-------- DATA FOR THIS EXERCISE --------

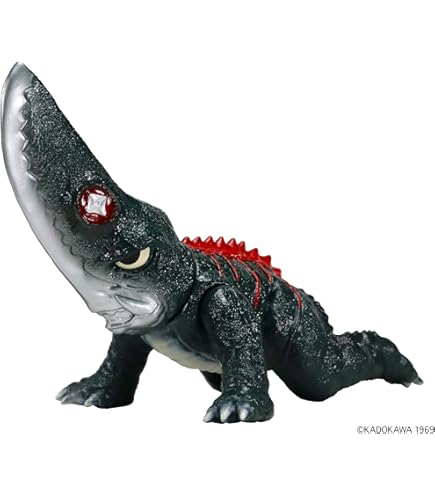 Amazon | 大映30cmシリーズ ガメラ(1967) VS ギャオス (1967) 対決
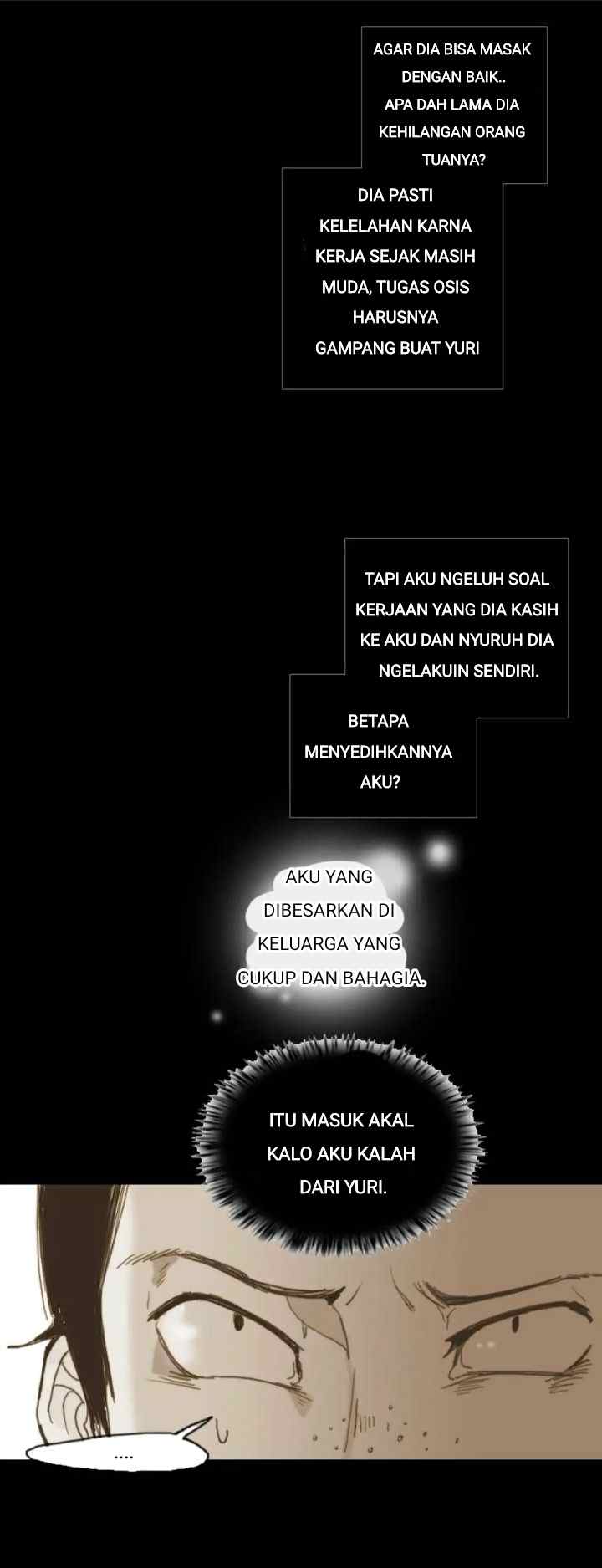 Out of Control chapter 6 halaman 11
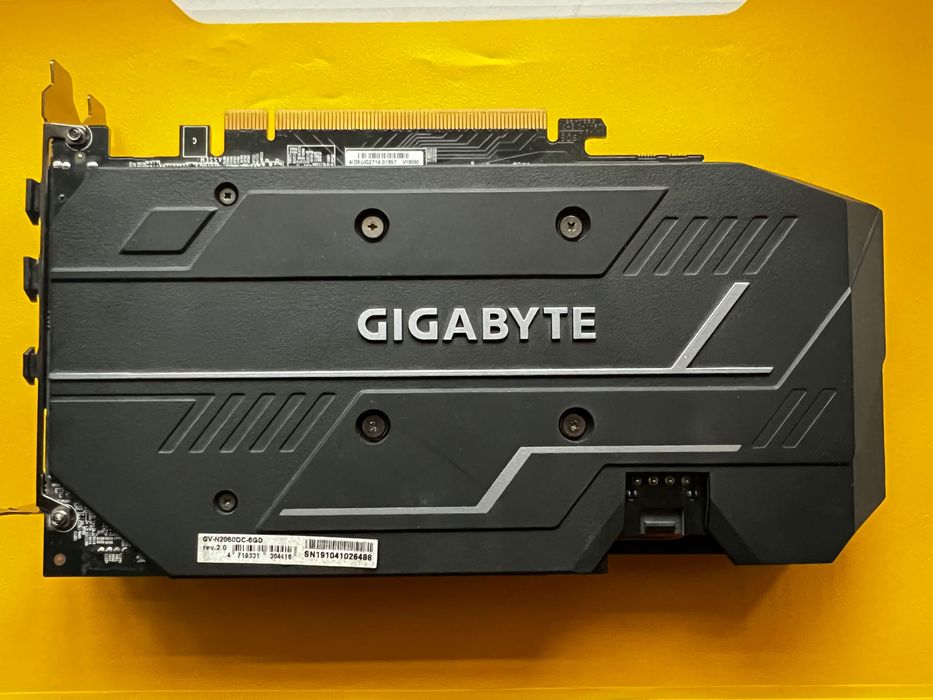 Gigabyte GeForce RTX 2060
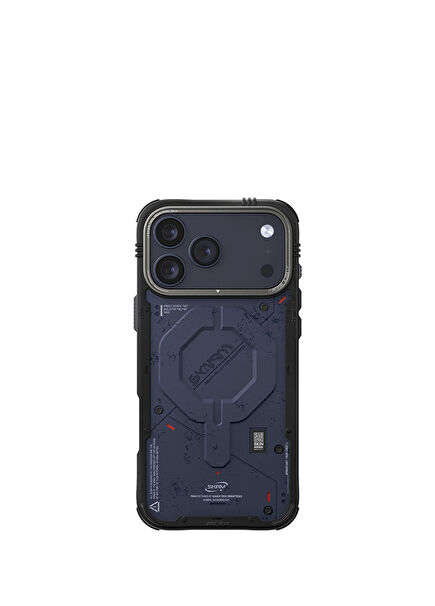 Vigor Airbag iPhone 17 Pro Magsafe Uyumlu Telefon Kılıfı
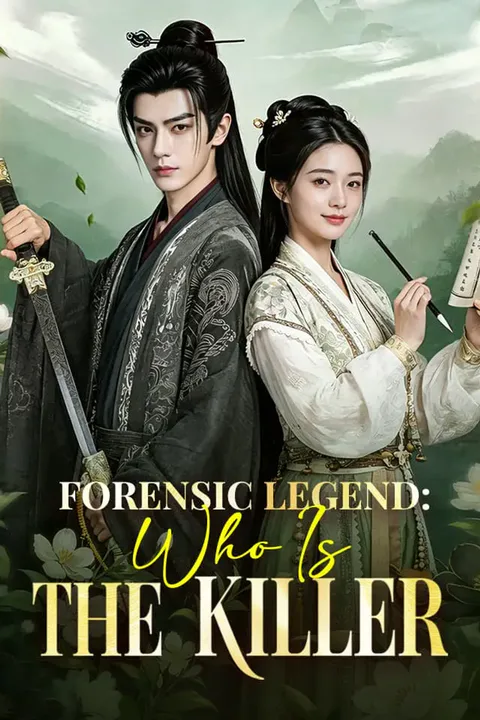 Forensic Legend: Who Is The Killer poster
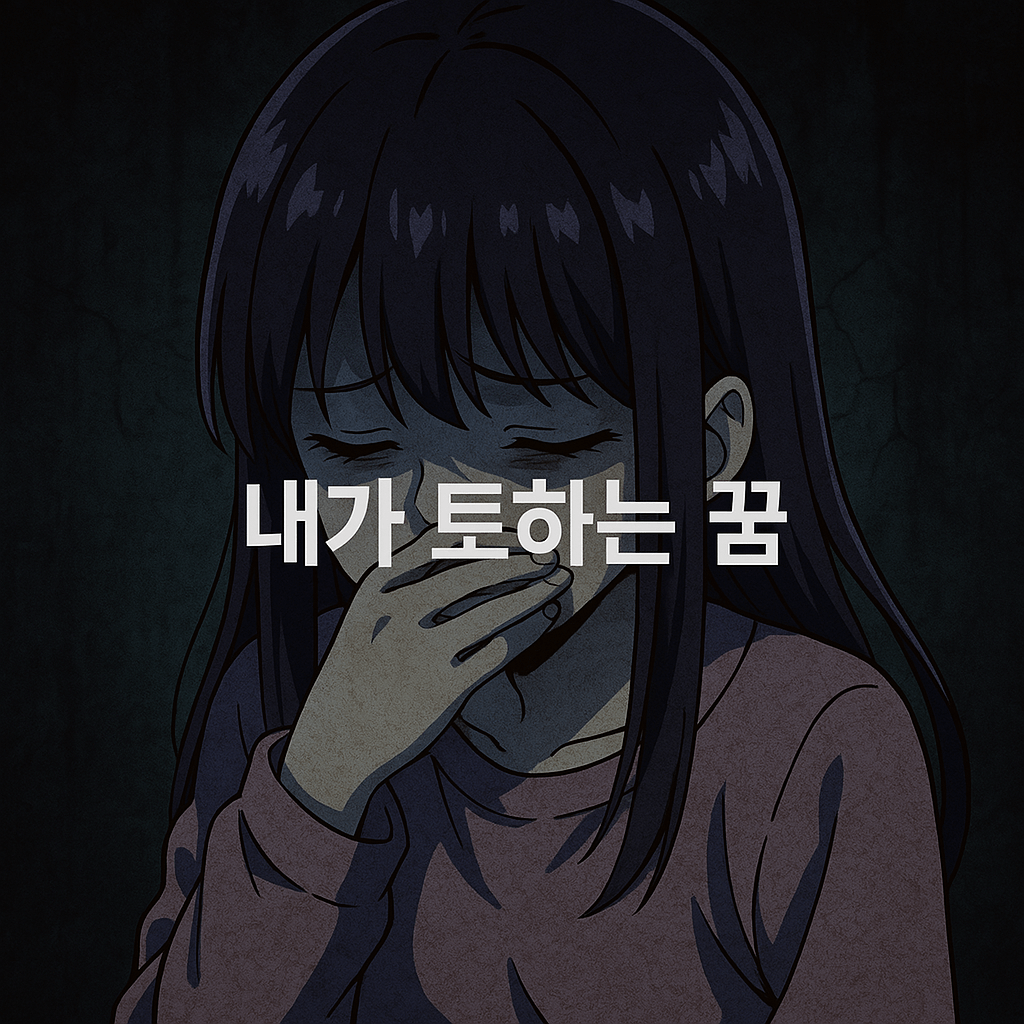 내가 토하는 꿈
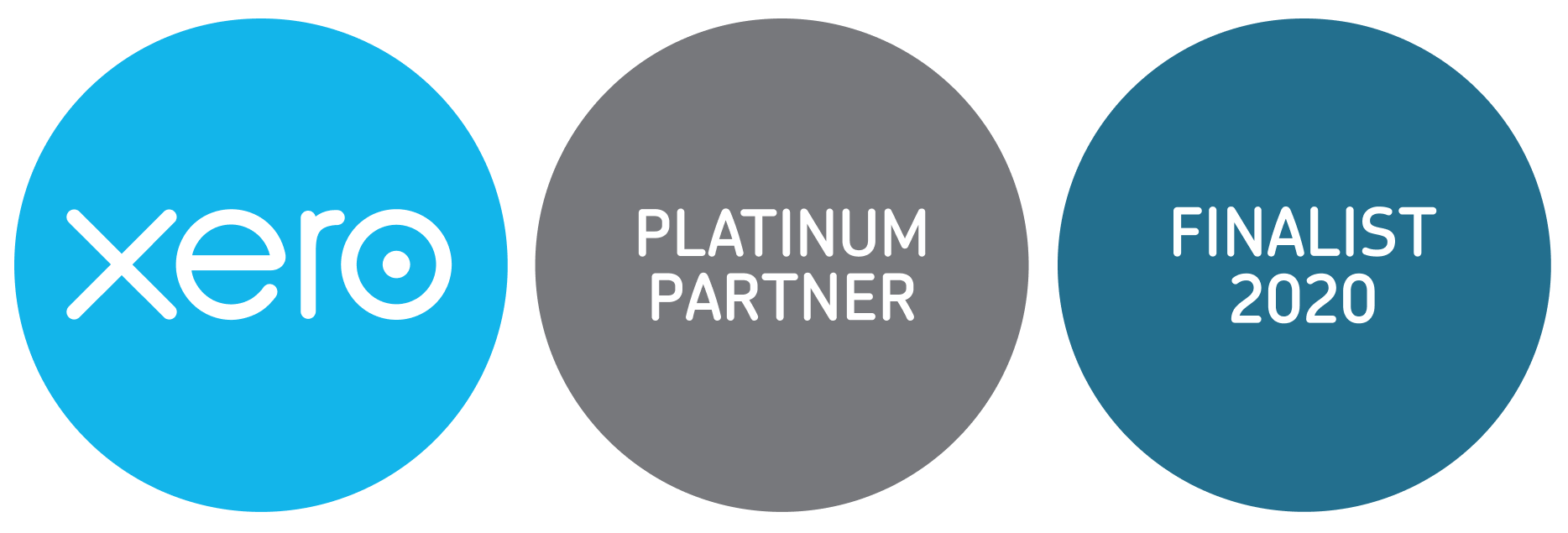 Xero Website Badge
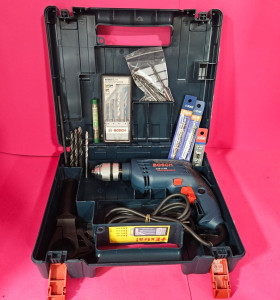 8-8-69812-1-Taladro Electrico BOSCH GM 13 RE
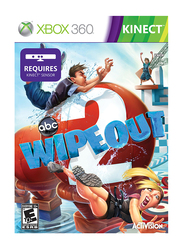 ABC Wipeout 2 Intl Version Video Game for Xbox 360 by Activision Blizzard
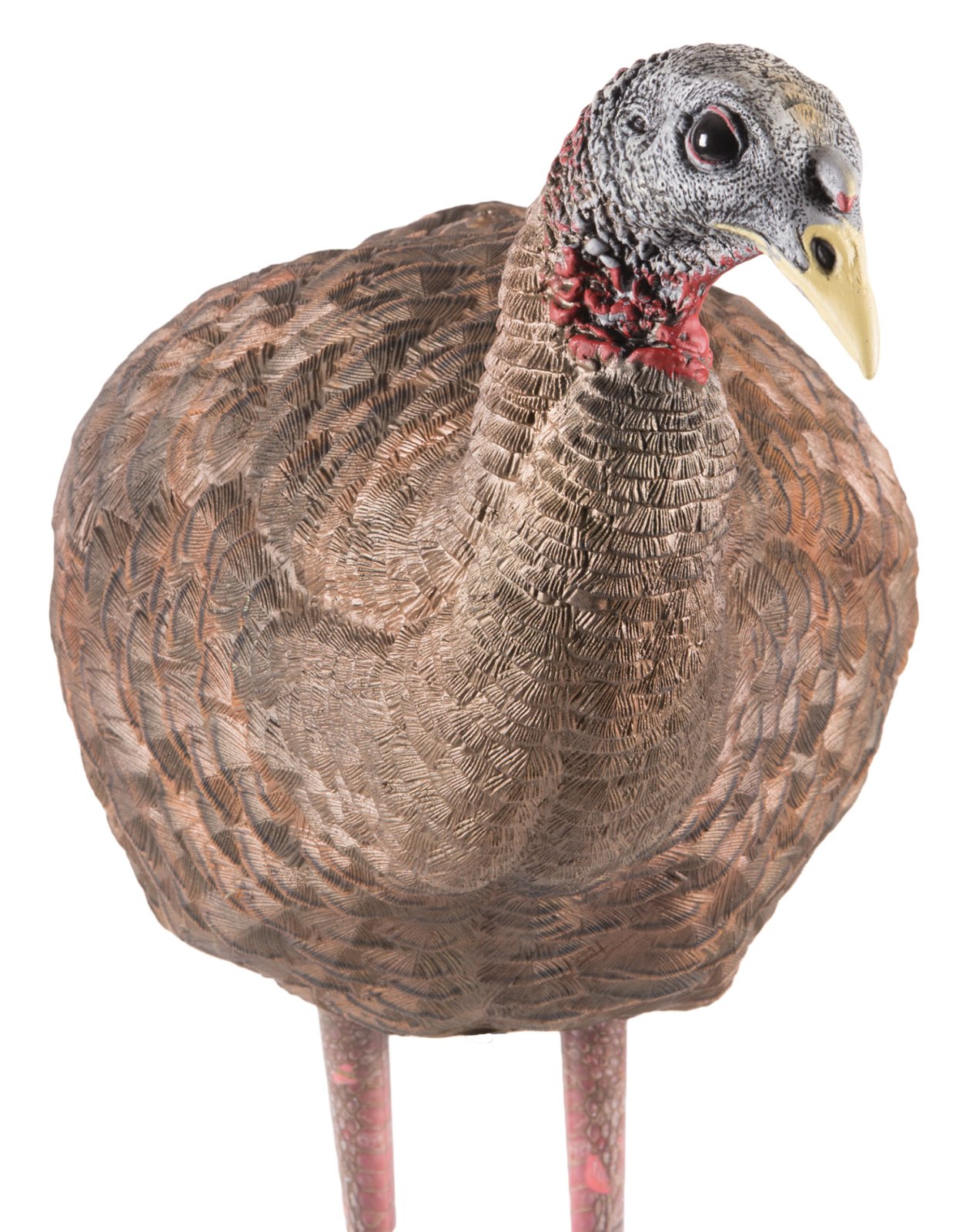 Avian-X LCD Breeder Hen Decoy - Ultimate Temptation for Turkey Mating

--------

REQUIRED WORK:
Copy exactly, leaving out pictures, the lines from the line containing "Forensic Legend: Who Is The Killer poster" through the last line of the records.

ANSWER FOR THIS EXERCISE:
 Forensic Legend: Who Is The Killer poster
 내가 토하는 꿈
 Xero Website Badge
 8-8-69812-1-Taladro Electrico BOSCH GM 13 RE
 ABC Wipeout 2 Intl Version Video Game for Xbox 360 by Activision Blizzard
 Avian-X LCD Breeder Hen Decoy - Ultimate Temptation for Turkey Mating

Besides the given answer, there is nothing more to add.